Has anyone experiences the same behavior and/or maybe could guide me on how to change this?

Thanks in advance!


Update: as requested, some code snippets

Create the topic

kafka-topics.sh --create --zookeeper localhost:2181 --replication-factor 1 --partitions 1 --topic test-topic

Connect a producer

kafka-console-producer.sh --broker-list localhost:9092 --topic test-topic

Create a maven project with

<parent>
    <groupId>org.springframework.boot</groupId>
    <artifactId>spring-boot-starter-parent</artifactId>
    <version>1.5.7.RELEASE</version>
    <relativePath/>
</parent>

...

<dependencyManagement>
    <dependencies>
        <dependency>
            <groupId>org.springframework.cloud</groupId>
            <artifactId>spring-cloud-dependencies</artifactId>
            <version>Dalston.SR4</version>
            <type>pom</type>
            <scope>import</scope>
        </dependency>
    </dependencies>
</dependencyManagement>


<dependencies>
    <dependency>
        <groupId>org.springframework.cloud</groupId>
        <artifactId>spring-cloud-starter-stream-kafka</artifactId>
    </dependency>
</dependencies>

Add the following application.yml

spring:
  cloud:
    stream:
      bindings:
        input:
          destination: test-topic
          contentType: text/plain
          group: test-group
          consumer:
            header-mode: raw
      kafka:
        binder:
          zkNodes: localhost:2181
          brokers: localhost:9092

Add the following Application.java

@SpringBootApplication
@EnableBinding(Sink.class)
public class Application {

    private static final Logger log = LoggerFactory.getLogger(Application.class);

    public static void main(String[] args) {
        SpringApplication.run(Application.class, args);
    }

    @StreamListener(Sink.INPUT)
    private void consume(Message<String> message) {
        log.info("Received: {}", message.getPayload());
        if ("message1".equals(message.getPayload())
            throw new RuntimeException();
        log.info("Successfully processed message {}", message.getPayload());
    }
}

That should be it. Run the application and use the console-producer to produce messages.

3
if there is only one partition, why would the consumer consume message2 when failed to consume message1 in testcase2? - herokingsley
@herokingsley I've no idea but that is what is happening. If it wouldn't consume message2 after the failed attempts with message1 then I would be satisfied. - stphngrtz
maybe show us some code or log will be helpful - herokingsley
@herokingsley I've added some code snippets to my question. - stphngrtz
And how does the code for testcase1 looks like? - Arek

3 Answers

0
votes

In Kafka each message comes with an offset id. Your consumer application can keep a check on offset, and if any offset is skipped or missed instead of consuming the next message. you can use consumer.seek method get the specific message which is missing.
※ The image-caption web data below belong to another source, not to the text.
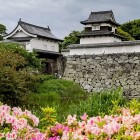 ⑧	下之橋御門に咲くツツジ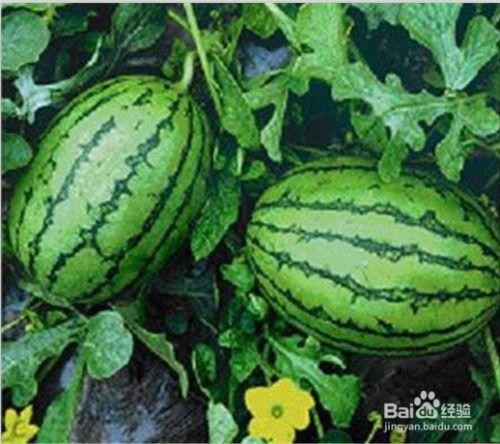 吃瓜地址是多少,吃瓜达人追踪热点，揭秘神秘吃瓜地址背后的故事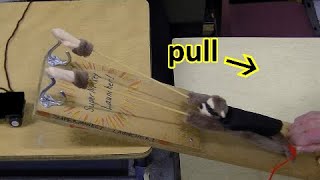 Famous Song: A Force is a Push or a Pull Net Worth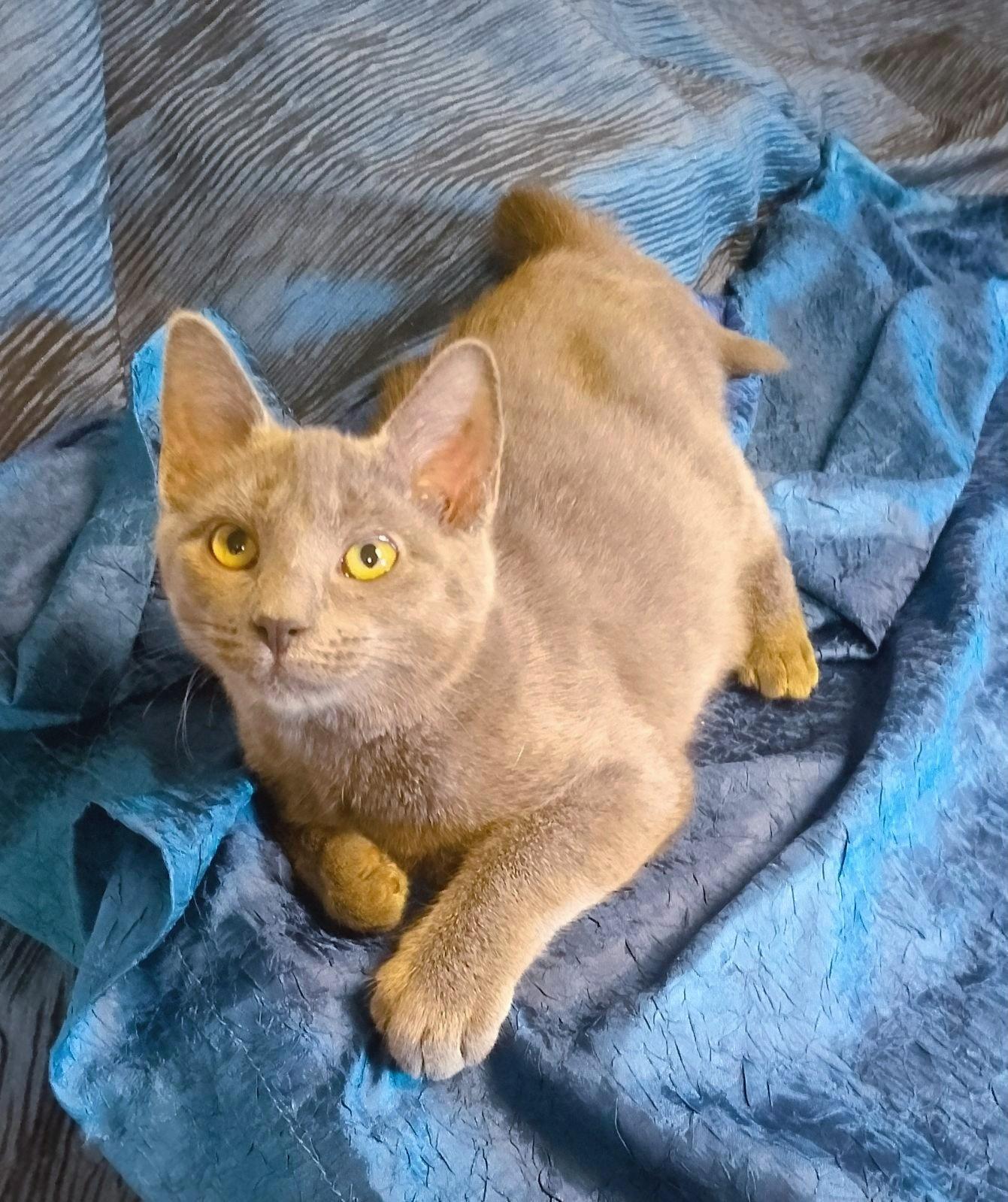Little Biscuit 744, Adoptable, Kitten Female Domestic Short Hair.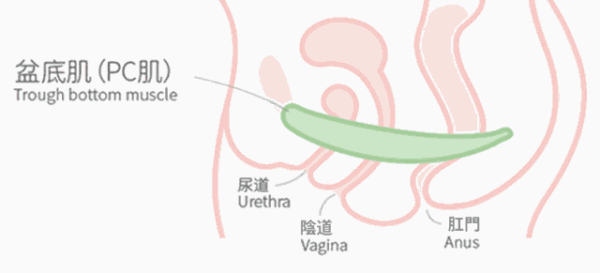 产后阴壁膨出(产后阴壁膨出是什么怎么治疗) 产后阴壁膨出(产后阴壁膨出是什么怎么治疗)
Offsets are incremental in nature and sequential.

And in your case use manual commit.

I could say use the below steps..

  1. After poll method, first check the previously committed offset and and request the next offset value

  2. Once message is consumed and processed successfully, save the offset value of successfully processed message in some internal memory or table. During next poll

The below link will not serve your usecase, but you can get fair idea

Refer Example

0
votes

You should configure a DLQ for such cases. If your message could not be consumed after 3 retries, it's most likely it won't be consumed at all or it needs special treatment. Set a DLQ where the poisonous message could land, and you won't loose messages

0
votes

Kafka gives you a runtime, but you have the power of choice. In some scenarios msgs can be lost/skipped, in some may not - you need to prepare the configuration according to your needs. IMO you should investigate further some of Spring Cloud Stream settings. You can also play around with disabling auto commits and commiting offset "by hand".